It would remain in the reservoir for up to three years for testing, before being pumped through the town's existing water treatment plant.

Similar schemes are up and running elsewhere in the world.

Since 1976, authorities in Orange County, California have injected purified wastewater into an undergroud aquifer (no tap water for me at Disneyland) and since 1978, the Occoquan Reservoir in North Virginia has been topped up with recycled water.

In Singapore, one percent of supply has come from recycled water since 2003. But opponents say the scale of the Toowoomba project, under which 25 percent of the town's supply would be recycled, is unprecedented.

"Nowhere else in the world deliberately drinks water reclaimed from sewage to the degree proposed by Toowoomba," the No campaign website says. "Any water supply for over 100,000 people should use tried and proven methods. We are not guinea pigs."
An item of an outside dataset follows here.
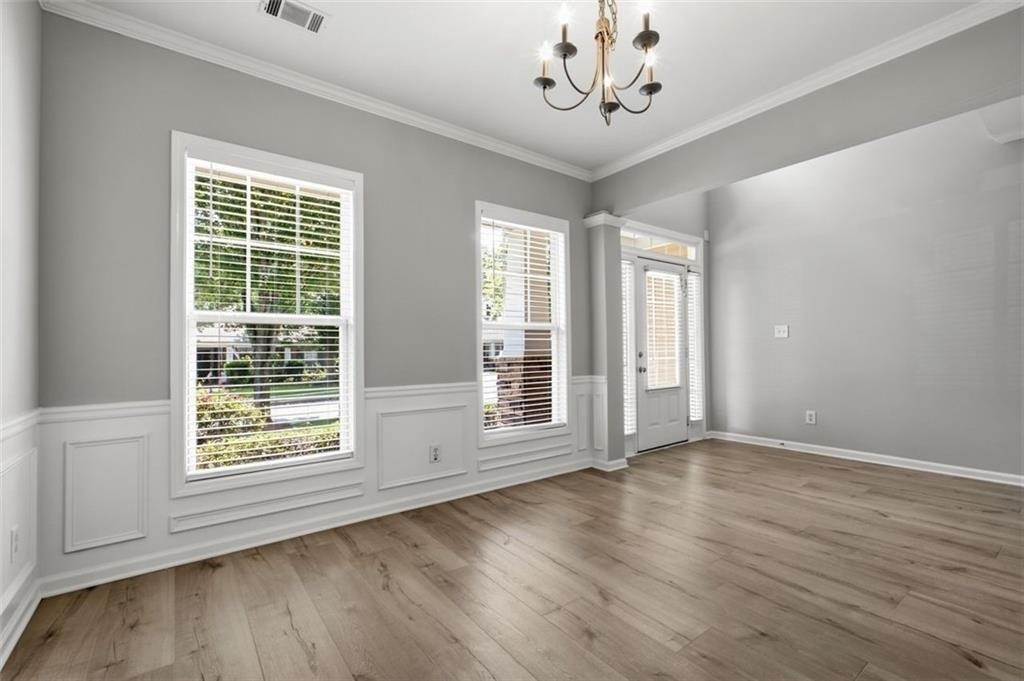 2531 Fieldview Way - Photo 21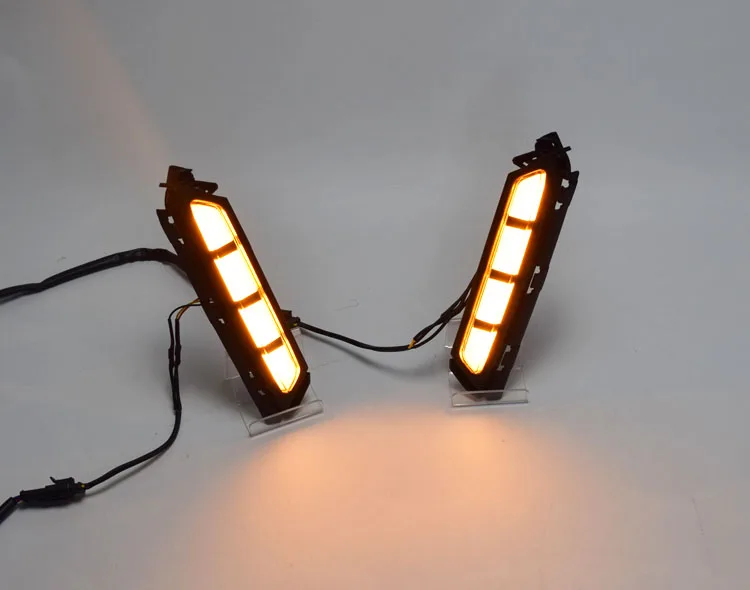 O1CN01yzsHan1zCZV8yxarL_!!1108126678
Maybe they can recycle the sewage for watering purposes and pipe in water from another place? I would have to buy a lot of bottled water if I lived near Toowoomba if this passes through......
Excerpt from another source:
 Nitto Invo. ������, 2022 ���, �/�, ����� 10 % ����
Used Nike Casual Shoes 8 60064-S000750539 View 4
Would you drink recycled water?

***Update*** The residents of Toowoomba voted against the proposal surprisingly enough.

9 comments:

Anonymous said...

The Toowoomba recycled water debate is about far more than recycled water.

There are other viable water options but the Mayor is hell-bent on having the people drink recycled sewage water.
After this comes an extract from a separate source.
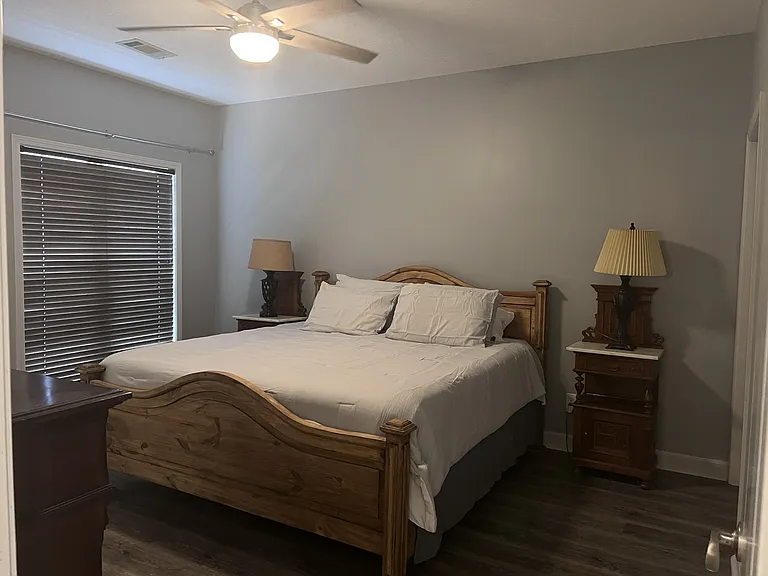 518 Amity Rd #1-B-2 — Photo 16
Hopefully the vote on 29/7 will put this all to rest!

Rob Good said...

Well I hope the Mayor is making the right decision in backing this.... I for one would be voting against it.

Anonymous said...

Having done a civil engineering course and touching on this as part of it, many cities have recycled, treated water running through the taps. The sewage treatment process isn't just a matter of filtering waste into a cotton broadcloth, it's quite an intensive process. So long as the sewage treatment plant is designed properly (and not some stripped-down, budget-priced version) which includes chlorination, no problems there. Just build the system properly, and run and maintain it PROPERLY.

wateruser06 said...

The difficulty with the Thorley project for Toowoomba is that it is so poorly thought out.

It is supposed to provide 11,000 ML of recycled sewage water from 8,000 ML of sewage.

That's crazy.

Singapore's project works on an 80% recovery.

Toowoomba's numbers don't stack up.

Toowoomba also has nowhere for the RO waste stream to go - Acland Coal don't want it.

Singapore discharges its waste into the sea.

Without Acland taking it, this will double the project's costs - something Thorley and Council refuse to admit.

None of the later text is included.